In each of these examples we could easily lay fault with the various leaders and with their lack of vision, or its poor communication.  Their poor relationship skills, lack of follow through, inadequate engagement, or any number of things the leader did or didn’t do.  It might also be true that the followers didn’t want to hear it.

Becoming an aware, conscious follower impacts an outcome, just as leadership does.

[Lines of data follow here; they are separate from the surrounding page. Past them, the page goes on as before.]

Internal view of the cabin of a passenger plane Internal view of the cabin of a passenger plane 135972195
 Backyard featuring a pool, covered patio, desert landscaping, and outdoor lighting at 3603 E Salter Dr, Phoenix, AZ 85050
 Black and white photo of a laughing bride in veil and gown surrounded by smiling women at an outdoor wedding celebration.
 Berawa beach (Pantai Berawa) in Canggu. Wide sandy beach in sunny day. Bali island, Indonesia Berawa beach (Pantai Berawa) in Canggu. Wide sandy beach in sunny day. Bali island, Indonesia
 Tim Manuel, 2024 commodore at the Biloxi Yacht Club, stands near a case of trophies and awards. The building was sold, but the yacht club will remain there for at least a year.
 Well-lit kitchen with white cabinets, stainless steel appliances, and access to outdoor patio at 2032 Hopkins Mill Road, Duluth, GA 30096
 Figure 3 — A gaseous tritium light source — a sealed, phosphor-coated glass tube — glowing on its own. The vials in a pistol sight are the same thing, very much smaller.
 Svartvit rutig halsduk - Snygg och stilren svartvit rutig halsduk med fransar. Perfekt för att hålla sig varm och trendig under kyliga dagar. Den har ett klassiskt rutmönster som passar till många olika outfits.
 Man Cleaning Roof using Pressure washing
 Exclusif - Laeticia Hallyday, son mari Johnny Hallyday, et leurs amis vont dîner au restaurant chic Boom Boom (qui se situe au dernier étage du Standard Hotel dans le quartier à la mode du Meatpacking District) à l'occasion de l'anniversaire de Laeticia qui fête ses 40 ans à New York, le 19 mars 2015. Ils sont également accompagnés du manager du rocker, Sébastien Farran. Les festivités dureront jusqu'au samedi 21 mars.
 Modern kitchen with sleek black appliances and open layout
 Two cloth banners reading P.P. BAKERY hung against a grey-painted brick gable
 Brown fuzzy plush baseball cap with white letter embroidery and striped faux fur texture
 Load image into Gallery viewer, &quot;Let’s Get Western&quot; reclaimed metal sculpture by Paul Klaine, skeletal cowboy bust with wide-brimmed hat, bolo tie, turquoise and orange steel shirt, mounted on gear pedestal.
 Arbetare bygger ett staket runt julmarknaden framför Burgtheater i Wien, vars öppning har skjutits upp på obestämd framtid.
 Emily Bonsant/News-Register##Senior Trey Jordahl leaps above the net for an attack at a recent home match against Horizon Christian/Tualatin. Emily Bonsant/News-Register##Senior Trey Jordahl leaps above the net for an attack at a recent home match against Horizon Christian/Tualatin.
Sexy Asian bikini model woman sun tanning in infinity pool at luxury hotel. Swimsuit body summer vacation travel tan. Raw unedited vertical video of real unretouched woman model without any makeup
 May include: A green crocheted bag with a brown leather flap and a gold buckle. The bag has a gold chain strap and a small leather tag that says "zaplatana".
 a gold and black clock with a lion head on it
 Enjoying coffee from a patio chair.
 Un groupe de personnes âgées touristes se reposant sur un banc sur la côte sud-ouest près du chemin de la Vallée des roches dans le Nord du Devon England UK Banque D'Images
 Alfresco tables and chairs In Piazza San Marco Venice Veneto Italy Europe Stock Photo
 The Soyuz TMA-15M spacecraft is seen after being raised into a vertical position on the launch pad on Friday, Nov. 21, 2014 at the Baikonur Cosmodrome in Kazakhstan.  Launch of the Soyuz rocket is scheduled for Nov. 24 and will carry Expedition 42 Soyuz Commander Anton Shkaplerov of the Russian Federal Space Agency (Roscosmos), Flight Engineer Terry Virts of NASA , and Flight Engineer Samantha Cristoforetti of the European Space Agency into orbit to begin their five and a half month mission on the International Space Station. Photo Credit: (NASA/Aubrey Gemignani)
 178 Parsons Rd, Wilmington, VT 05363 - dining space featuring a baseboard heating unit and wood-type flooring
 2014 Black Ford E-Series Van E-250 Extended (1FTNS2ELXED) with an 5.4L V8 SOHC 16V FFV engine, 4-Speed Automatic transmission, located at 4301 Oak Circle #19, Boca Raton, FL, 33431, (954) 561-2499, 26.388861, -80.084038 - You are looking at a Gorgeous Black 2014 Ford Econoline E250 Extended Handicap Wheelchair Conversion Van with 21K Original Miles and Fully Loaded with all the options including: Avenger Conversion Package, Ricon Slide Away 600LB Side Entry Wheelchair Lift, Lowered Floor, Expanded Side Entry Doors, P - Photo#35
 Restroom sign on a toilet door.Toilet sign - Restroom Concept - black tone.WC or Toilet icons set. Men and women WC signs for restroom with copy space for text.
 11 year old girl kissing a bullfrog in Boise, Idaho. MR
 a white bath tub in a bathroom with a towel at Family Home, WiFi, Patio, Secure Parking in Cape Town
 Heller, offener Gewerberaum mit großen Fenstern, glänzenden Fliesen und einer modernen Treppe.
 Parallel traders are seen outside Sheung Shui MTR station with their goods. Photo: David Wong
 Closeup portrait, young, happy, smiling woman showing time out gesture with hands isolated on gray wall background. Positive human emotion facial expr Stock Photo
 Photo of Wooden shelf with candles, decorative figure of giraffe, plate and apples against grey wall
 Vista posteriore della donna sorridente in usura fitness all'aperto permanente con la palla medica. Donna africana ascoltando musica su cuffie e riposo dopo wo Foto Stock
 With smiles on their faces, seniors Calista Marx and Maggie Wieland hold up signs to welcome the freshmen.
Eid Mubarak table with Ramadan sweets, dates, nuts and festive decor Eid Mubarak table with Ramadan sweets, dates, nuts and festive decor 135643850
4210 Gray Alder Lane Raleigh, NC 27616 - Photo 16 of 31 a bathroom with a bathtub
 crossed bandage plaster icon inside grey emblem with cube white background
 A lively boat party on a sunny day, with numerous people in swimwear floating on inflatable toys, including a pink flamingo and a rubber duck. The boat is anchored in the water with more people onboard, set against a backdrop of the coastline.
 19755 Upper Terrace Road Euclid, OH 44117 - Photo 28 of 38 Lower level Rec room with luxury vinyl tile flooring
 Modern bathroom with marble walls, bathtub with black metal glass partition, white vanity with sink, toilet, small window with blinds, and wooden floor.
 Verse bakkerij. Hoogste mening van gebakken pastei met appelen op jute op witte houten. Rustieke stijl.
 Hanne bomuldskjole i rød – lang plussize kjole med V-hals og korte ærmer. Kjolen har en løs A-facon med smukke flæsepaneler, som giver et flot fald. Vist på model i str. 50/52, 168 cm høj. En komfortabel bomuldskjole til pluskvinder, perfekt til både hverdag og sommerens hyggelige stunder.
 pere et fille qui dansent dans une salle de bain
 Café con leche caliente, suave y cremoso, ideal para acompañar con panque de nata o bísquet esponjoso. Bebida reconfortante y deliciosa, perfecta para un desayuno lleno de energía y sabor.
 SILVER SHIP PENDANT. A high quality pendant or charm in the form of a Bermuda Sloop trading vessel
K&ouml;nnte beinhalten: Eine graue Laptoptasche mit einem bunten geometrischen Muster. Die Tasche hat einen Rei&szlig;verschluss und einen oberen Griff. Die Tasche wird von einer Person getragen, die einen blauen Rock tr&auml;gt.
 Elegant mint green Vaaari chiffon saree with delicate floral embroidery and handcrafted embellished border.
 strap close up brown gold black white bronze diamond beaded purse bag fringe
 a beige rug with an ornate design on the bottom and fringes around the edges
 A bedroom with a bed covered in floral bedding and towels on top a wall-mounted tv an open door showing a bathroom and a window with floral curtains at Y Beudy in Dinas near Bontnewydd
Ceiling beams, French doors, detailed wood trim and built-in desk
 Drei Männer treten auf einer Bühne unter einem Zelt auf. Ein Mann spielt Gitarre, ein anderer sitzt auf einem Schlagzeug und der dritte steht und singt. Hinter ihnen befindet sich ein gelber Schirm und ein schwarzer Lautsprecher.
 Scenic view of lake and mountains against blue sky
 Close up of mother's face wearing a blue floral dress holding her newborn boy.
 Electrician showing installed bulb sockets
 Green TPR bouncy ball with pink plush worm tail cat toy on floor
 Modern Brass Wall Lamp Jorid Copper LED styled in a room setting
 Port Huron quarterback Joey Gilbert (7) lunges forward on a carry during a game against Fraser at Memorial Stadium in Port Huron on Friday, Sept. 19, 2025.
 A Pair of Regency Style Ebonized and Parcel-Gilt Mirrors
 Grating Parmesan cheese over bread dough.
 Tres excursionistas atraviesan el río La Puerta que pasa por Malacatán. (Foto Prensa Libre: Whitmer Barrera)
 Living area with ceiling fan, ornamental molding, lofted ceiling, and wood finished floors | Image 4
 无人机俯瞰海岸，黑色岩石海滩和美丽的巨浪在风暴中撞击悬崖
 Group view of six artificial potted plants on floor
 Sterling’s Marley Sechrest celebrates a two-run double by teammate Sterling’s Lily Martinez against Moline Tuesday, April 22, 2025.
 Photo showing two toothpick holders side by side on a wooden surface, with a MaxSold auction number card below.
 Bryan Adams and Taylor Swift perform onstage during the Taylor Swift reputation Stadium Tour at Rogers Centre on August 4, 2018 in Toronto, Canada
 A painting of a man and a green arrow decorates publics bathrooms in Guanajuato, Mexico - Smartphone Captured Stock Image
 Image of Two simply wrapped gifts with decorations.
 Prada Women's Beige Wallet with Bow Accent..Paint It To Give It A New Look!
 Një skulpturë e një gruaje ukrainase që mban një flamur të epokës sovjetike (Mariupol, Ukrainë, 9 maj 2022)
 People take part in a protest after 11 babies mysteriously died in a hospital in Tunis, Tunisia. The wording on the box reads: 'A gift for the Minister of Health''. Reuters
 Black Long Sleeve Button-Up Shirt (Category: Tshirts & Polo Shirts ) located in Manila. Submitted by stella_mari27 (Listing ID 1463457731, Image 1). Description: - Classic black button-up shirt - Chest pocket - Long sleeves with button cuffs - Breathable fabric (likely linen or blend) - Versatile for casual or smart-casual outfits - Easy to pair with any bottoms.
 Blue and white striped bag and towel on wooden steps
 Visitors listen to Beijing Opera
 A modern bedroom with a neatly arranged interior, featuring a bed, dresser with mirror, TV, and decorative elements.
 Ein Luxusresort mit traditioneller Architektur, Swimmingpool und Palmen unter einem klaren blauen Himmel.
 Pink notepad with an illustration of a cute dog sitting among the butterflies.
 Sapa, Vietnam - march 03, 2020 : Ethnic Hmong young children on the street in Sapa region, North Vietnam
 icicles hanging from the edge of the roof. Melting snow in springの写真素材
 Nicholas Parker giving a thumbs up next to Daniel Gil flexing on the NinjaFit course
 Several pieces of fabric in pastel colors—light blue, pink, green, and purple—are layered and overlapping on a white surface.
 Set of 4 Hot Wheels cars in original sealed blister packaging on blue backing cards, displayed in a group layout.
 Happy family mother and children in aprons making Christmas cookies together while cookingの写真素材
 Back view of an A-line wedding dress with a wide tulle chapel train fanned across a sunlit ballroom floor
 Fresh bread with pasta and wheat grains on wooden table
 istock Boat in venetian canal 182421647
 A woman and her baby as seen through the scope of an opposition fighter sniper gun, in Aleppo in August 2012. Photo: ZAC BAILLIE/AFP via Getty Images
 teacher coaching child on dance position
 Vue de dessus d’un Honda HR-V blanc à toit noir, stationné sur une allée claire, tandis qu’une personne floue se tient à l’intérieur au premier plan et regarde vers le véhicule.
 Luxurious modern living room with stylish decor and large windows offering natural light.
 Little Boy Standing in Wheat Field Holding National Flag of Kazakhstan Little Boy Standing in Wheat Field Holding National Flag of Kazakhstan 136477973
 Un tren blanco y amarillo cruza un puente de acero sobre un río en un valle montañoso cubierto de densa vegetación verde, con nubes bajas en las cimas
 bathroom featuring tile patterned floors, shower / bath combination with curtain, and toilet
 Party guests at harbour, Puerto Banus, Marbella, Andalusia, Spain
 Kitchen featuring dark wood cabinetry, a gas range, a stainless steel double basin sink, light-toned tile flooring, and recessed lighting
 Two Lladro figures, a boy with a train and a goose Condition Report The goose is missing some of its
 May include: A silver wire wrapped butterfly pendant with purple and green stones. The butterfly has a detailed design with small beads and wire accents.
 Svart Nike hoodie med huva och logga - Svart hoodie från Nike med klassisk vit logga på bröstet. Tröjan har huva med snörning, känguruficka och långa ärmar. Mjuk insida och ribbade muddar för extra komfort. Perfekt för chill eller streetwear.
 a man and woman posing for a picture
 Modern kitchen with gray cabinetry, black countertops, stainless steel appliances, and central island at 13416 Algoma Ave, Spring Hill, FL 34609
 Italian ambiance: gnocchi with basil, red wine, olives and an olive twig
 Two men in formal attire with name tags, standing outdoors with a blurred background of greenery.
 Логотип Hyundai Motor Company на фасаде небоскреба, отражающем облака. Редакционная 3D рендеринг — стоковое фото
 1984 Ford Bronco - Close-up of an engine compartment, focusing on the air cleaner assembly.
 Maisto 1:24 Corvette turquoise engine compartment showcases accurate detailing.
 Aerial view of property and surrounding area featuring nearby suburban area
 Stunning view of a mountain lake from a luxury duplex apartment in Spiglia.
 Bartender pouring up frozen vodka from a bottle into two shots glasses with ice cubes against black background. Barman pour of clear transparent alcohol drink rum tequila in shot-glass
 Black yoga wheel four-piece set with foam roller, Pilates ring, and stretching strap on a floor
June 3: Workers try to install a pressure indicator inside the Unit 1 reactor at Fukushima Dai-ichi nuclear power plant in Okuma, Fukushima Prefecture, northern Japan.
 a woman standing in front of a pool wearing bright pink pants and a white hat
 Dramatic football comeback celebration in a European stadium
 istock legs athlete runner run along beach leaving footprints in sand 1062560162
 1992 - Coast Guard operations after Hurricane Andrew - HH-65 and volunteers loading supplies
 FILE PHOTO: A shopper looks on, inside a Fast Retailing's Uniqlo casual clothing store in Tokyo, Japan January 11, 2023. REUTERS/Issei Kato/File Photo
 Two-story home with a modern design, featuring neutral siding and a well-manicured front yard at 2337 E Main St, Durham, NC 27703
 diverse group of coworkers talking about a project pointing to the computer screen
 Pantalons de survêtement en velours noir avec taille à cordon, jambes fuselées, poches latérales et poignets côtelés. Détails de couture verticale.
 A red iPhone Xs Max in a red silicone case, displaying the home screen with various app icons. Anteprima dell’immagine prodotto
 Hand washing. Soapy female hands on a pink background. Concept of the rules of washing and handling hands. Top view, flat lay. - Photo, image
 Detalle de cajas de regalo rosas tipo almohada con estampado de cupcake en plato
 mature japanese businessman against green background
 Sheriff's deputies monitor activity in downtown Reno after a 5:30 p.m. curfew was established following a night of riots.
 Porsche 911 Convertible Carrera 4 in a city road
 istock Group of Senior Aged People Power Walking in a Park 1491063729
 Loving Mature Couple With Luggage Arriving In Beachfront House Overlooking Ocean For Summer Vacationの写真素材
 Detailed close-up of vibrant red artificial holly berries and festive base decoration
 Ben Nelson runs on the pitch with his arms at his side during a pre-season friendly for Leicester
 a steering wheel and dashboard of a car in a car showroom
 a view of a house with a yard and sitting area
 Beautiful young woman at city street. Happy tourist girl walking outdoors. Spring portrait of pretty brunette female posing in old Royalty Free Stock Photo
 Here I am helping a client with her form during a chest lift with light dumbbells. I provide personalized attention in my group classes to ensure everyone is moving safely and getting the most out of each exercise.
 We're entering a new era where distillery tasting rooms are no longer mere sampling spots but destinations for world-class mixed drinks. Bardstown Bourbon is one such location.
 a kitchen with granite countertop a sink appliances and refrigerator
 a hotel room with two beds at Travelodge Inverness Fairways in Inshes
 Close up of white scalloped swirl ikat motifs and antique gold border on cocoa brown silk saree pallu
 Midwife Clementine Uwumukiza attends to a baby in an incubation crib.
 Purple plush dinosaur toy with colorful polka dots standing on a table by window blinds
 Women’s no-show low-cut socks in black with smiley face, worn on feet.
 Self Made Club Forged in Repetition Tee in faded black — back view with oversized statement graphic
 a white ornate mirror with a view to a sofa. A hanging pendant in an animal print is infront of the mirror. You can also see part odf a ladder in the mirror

As a follower, what do we project onto a leader?  Do we expect the leader to save us? To know everything?  To be ‘perfect’.  How often have we heard “I’m not paid for that, it’s the leader’s job?”  I don’t have to give of myself, just do as I’m told. I’ll just follow.  Yet every decision we make as a follower:

  1. impacts the leader
  2. impacts the outcome
  3. impacts our relationship
  4. impacts our view of ourselves.

When you are a follower, what does effective leadership look like to you?  As a leader what does effective followership look like?  Do you behave in line with your own expectations of leaders and followers?

When we say we want more/better leadership as a passive follower, we don’t engage we abdicate our power – we ask someone else to solve the problem, make a decision, fix something. When we don’t participate in the relationship with the leader to achieve what we want, not surprising we don’t get what we want.

When we are active and engaged as a follower and participate in the leadership as Joy did, we have a much higher chance of being clear about what we want and receiving it.  When we are engaged as followers, we put much more pressure on our leaders to step up and be the leaders we want to work with.  Effective followership is more likely to encourage effective leadership because it’s a fluid partnership.

Leaders need to acknowledge the role of positive and negative followership.  They need to be aware of the projection of followers and falling into the trap of trying to live up to ‘hero’, ‘saviour’, ‘perfect’ and help followers find their own role in the relationship.

What are the characteristics of effective followership?

  • Authenticity
  • Transparency
  • Integrity
  • Self awareness
  • Courage
  • Openness
  • Growth Mindset

The same characteristics of effective authentic leadership!

We need to talk about followership and value its contribution.  We need to enliven ourselves to be active contributors, whatever the setting, to the relationship inherent in leadership.  Then we can hope to get the leaders we deserve!